Here is a bit of background information about me (so hard to write about oneself!). It's likely way more detail than you need. I am not well known and have no music credentials other than just being a player with my own thoughts and opinions about music and dulcimers, all based simply on my own personal observations and experiences. I have no cd's or books to sell, I don't teach at music camps. I do patent illustrations and technical illustration for a living. I garden, keep bees, create my own art in various ways, and play music for enjoyment with my husband and with friends. My mother played classical music constantly when I was a child- her friends would come over and play Bach and Vivaldi on recorders, violins, harpsichord, cello, flute. As a child I played cello in school, but never studied music seriously...

Later as an adult I decided I wanted to play a stringed instrument again, and took up mandolin and attempted to play renaissance music on it. I played alone in my kitchen, was not very good at it, but it was enough to keep me happy. After a while I had an urge to play music with other people, and began attending a local open folk music jam session with my mandolin. I had no particular direction in mind. At one session, a fellow pulled out a mountain dulcimer and began to play a folk song on it.

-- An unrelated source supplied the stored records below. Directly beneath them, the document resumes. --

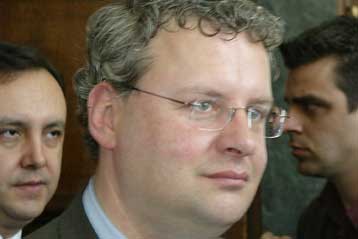 Υποκριτική χαρακτηρίζει η κυβέρνηση τη στάση μερίδας των ΜΜΕ για τον Αχ.Ιλχάν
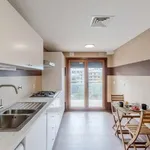 Rent 2 bedroom apartment of 128 m² in lisbon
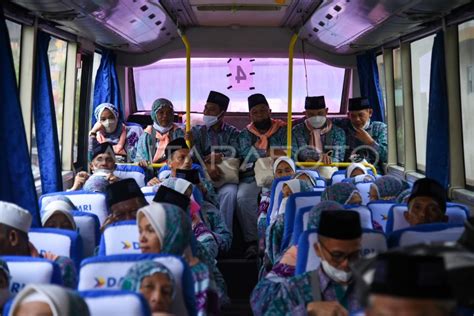 Pelepasan Jamaah Calon Haji Sumut Antara Foto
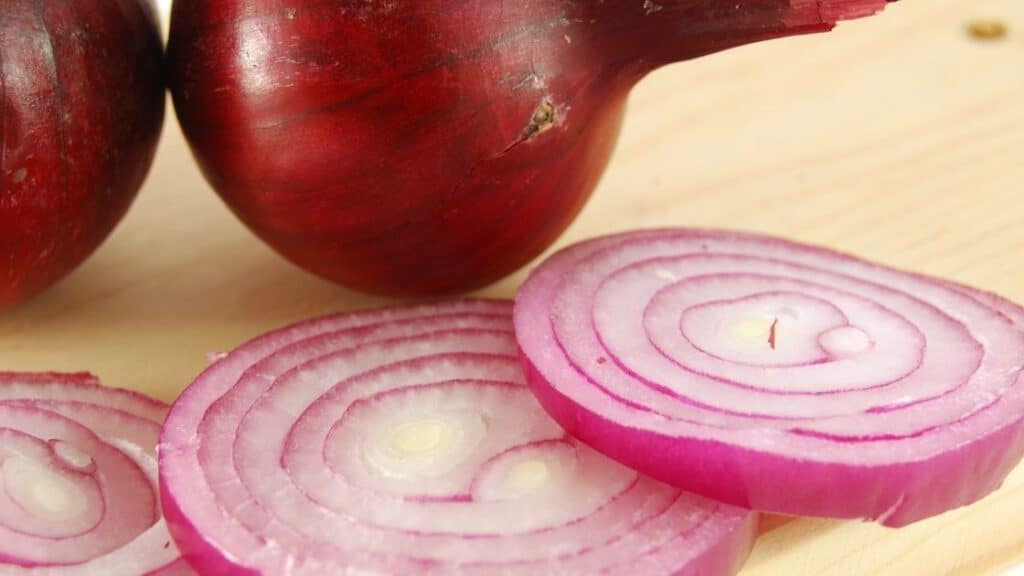 Is Onion Good On An Empty Stomach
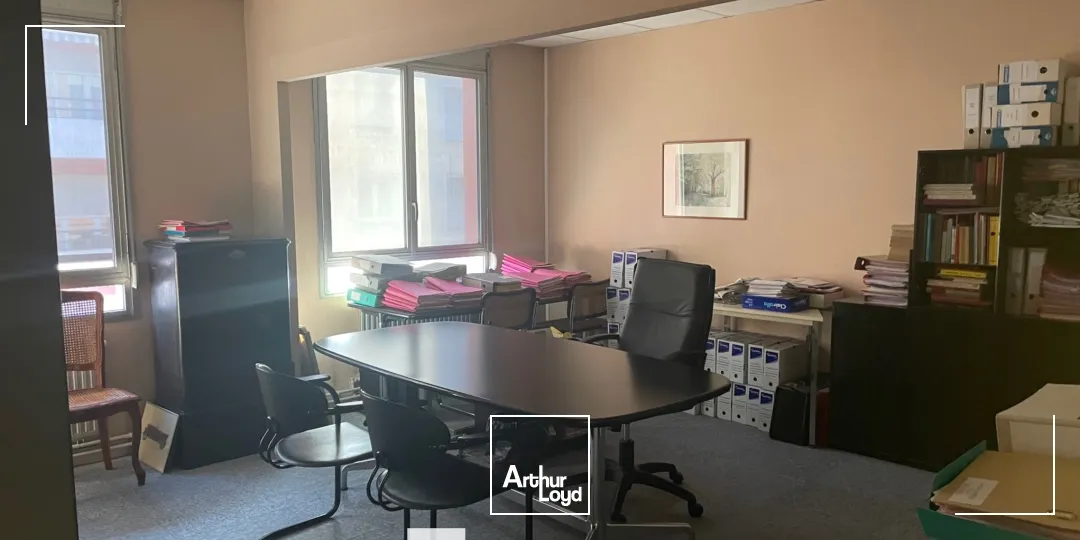 A louer - Bureaux rue de la République - Decines Charpieu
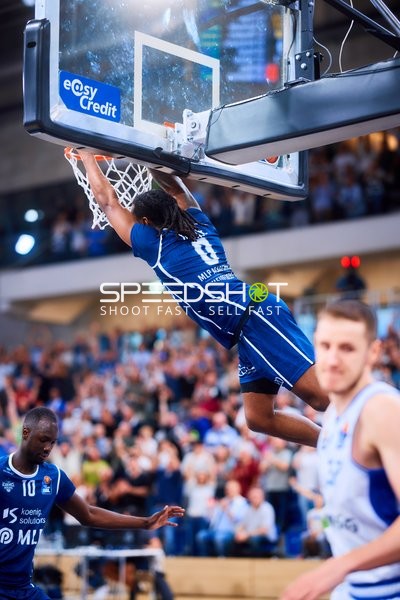Dunk DJ Horne (0;MLP Academics Heidelberg), Bakary Dibba (10;MLP Academics Heidelberg)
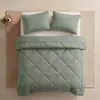 Funda de edredón de color liso en stock en Amazon transfronterizo, colcha cepillada estilo europeo y americano, patrón de ondas de diamante acolchado, ropa de cama de color liso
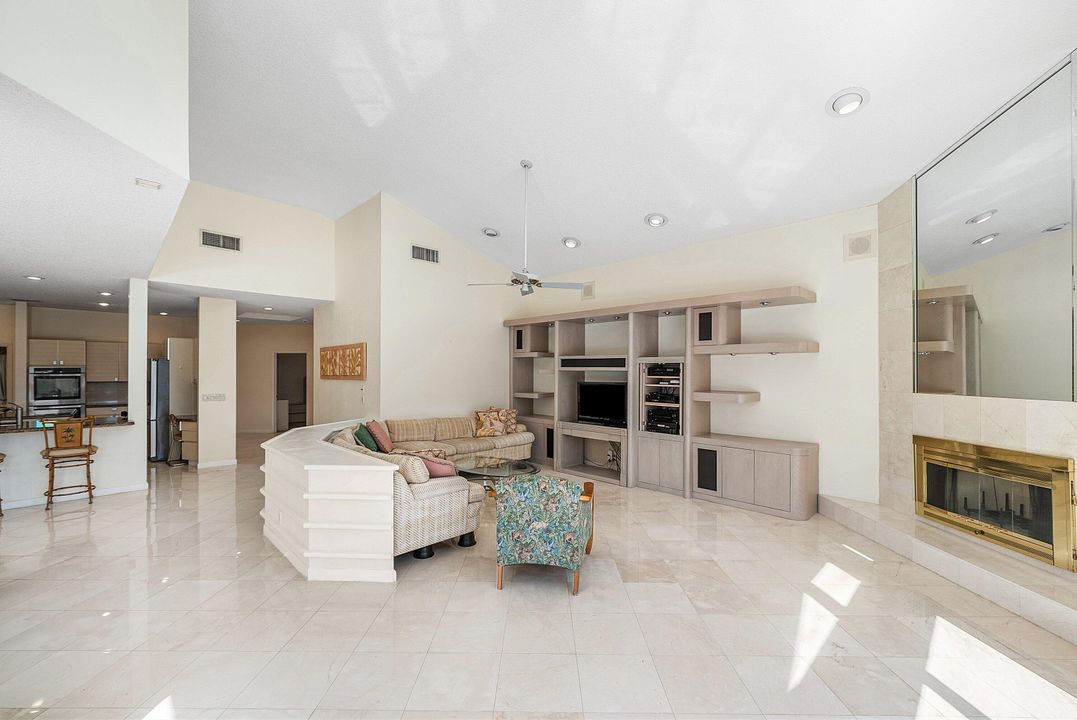 Activo con contrato: $1,699,000 (4 camas, 5 baños, 4113 Pies cuadrados)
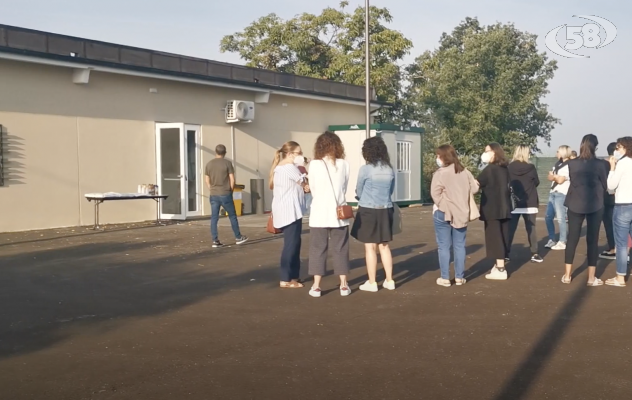 Scuola, tutti tra i banchi: Dad addio, si spera /VIDEO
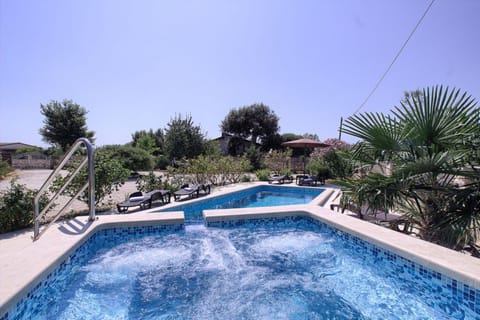 Charming villa Nera with pool and hydromassage near the beach Villa in Medulin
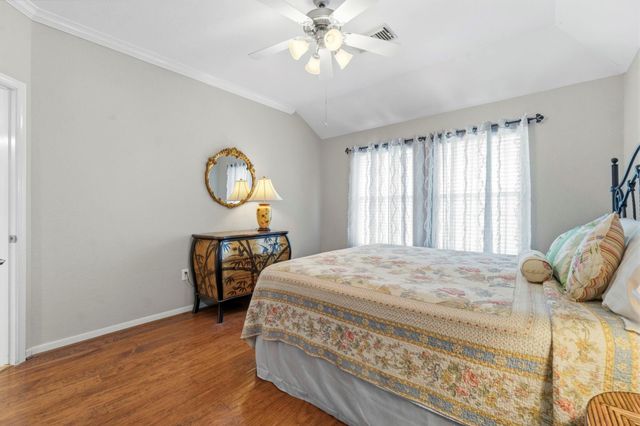 194 W Kentwick Place, Conroe, TX 77384
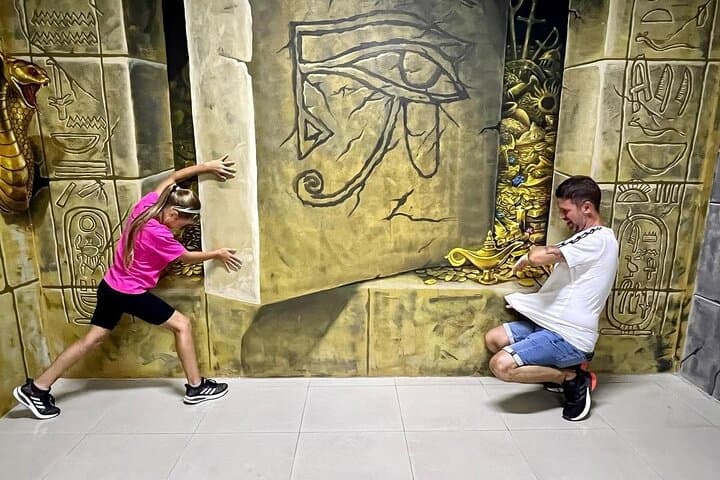 Step Inside 3D World Selfie Museum Dubai — Interactive Trick‑Art for Bold Photos photo 4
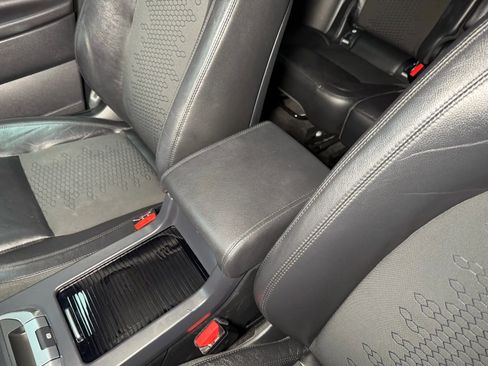 Used 2017 Land Rover Discovery Sport SE image 38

I was floored. I had never seen or heard such a thing and fell instantly and completely in love with its sound. It was a life changing moment. When the jam was over he showed me how I could play a simple tune by just fretting the melody string and strumming with the other strings left open. WOW! I quickly got online and got myself a dulcimer and some books, and began to teach myself to play.

The books I got all seemed to teach DAdd tuning chord style playing, and so that's what I did, and it seemed to go well with the usual folk music being played at the folk jam. I began attending a local dulcimer club where everyone there also played in that chording style. I attended some dulcimer workshops, and I studiously worked on my chording techniques. Eventually I became pretty good at it. I actually had never heard of such a thing as 'oldtime music' until I had been going to the folk jams and playing my dulcimer for a while.
When I did finally hear recordings of archaic fiddle and banjo tunes, I recognized something primal about them, something to do with their drones and use of old sounding intervals instead of full Western modern chord sounds. In a strange way, it somehow echoed the medieval and renaissance sounds I had stuck in my childhood memories, and I felt connected to it. I often wonder whether I would have ever found my passion in oldtime music if my mother hadn't played early classical and medieval music at home for us as children. Inspired by my newfound passion for drones, I took up clawhammer oldtime banjo because it resonated with those drone connections inside me. The banjo was ‘open tuned’ to a key and utilized open drone strings a great deal. By that time I mentally associated the dulcimer completely with playing chords and flatpicking melodies over all the strings.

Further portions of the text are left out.